La diversité des parcours et des statuts, et l’humanité des personnes se retrouvent invisibilisées. Nombre de ces personnes n’arrivent pas à se régulariser du fait d’un cadre législatif obsolète et incohérent, et de procédures administratives lentes et complexes. De la même façon que pour les ressortissant.e.s tunisien·ne·s en Europe, leur migration est rendue irrégulière par des lois et pratiques qui classifient les populations du continent Africain en migrant·e·s « désirables » et « indésirables » et qui criminalisent une grande partie de sa jeunesse. À l’opposé, le séjour irrégulier des migrant·e·s occidentaux – assez répandu en Tunisie dû aux mêmes dysfonctionnements – n’est pas vu comme un problème sécuritaire.

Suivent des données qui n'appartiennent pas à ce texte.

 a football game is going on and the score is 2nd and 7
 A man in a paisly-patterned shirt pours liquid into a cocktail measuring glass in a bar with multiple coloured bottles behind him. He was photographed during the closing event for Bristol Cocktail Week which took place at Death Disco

De surcroît, rien ne permet d’affirmer que les travailleur·euse·s migrant·e·s sont responsables de la dégradation de l’économie tunisienne, tel que le suggèrent les discours xénophobes. A l’instar de nombreux tunisien·ne·s, ils et elles sont en réalité exploité·e·s, exposé·e·s à la précarité et à la vulnérabilité alimentaire. La crise économique actuelle trouve plutôt sa source dans le manque de perspectives économiques, les politiques d’austérité soutenues à l’international, la gestion de la dette publique, ou encore l’incapacité de l’État à remédier aux inégalités socio-économiques.

Non, le Mémorandum avec l’UE ne protège pas la souveraineté tunisienne

Dans ses interventions publiques, le président Kaïs Saïed semble défendre la souveraineté de la Tunisie, déclarant que le pays n’accepterait pas de devenir « un pays de réinstallation » pour les migrant·e·s expulsé·e·s d’Europe, un « pays de transit, ou un lieu d’établissement », ou d’être réduit au rôle de gendarme de l’UE.

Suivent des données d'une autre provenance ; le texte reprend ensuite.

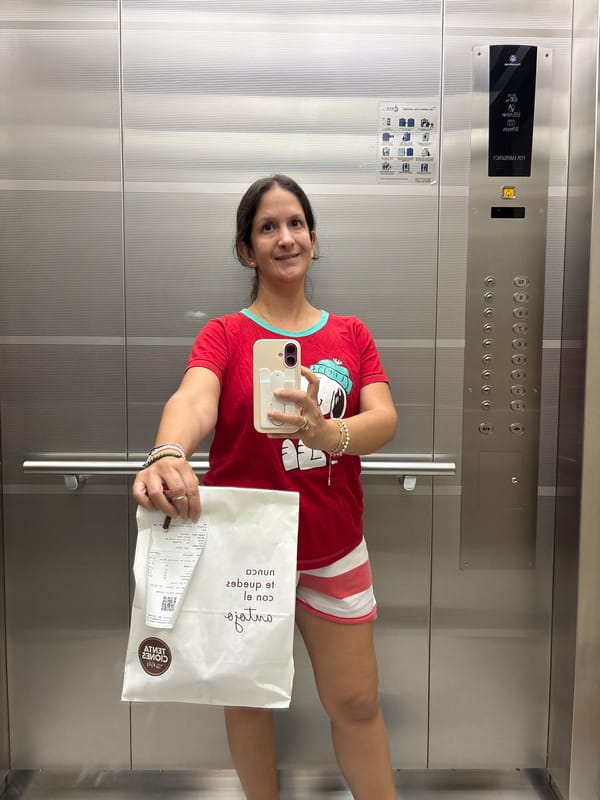 Woman Takes Mirror Selfie in Modern Elevator in Lima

Or, le Mémorandum, dans lequel l’UE s’engage à fournir un appui financier pour la gestion des frontières, démontre pourtant que le gouvernement continue d’intégrer des objectifs de politiques européennes en s’engageant pleinement dans la sécurisation des frontières de l’UE. Le président maintient ainsi le même cours d’actions que ses prédécesseurs, et pourrait même aller plus loin dans l’externalisation, puisque l’accord mentionne un « système d’identification et de retour des migrants irréguliers déjà présents en Tunisie vers leurs pays d’origine ». Cela suggérerait le développement de l’approche « hotspot », selon laquelle les flux migratoires sont gérés aux frontières extérieures de l’UE, dans des pays comme la Tunisie, en empêchant tout accès au continent européen. Alors que le gouvernement affirme refuser l’établissement des migrant·e·s subsaharien·e·s, la fermeture des frontières participe à leur confinement en Tunisie.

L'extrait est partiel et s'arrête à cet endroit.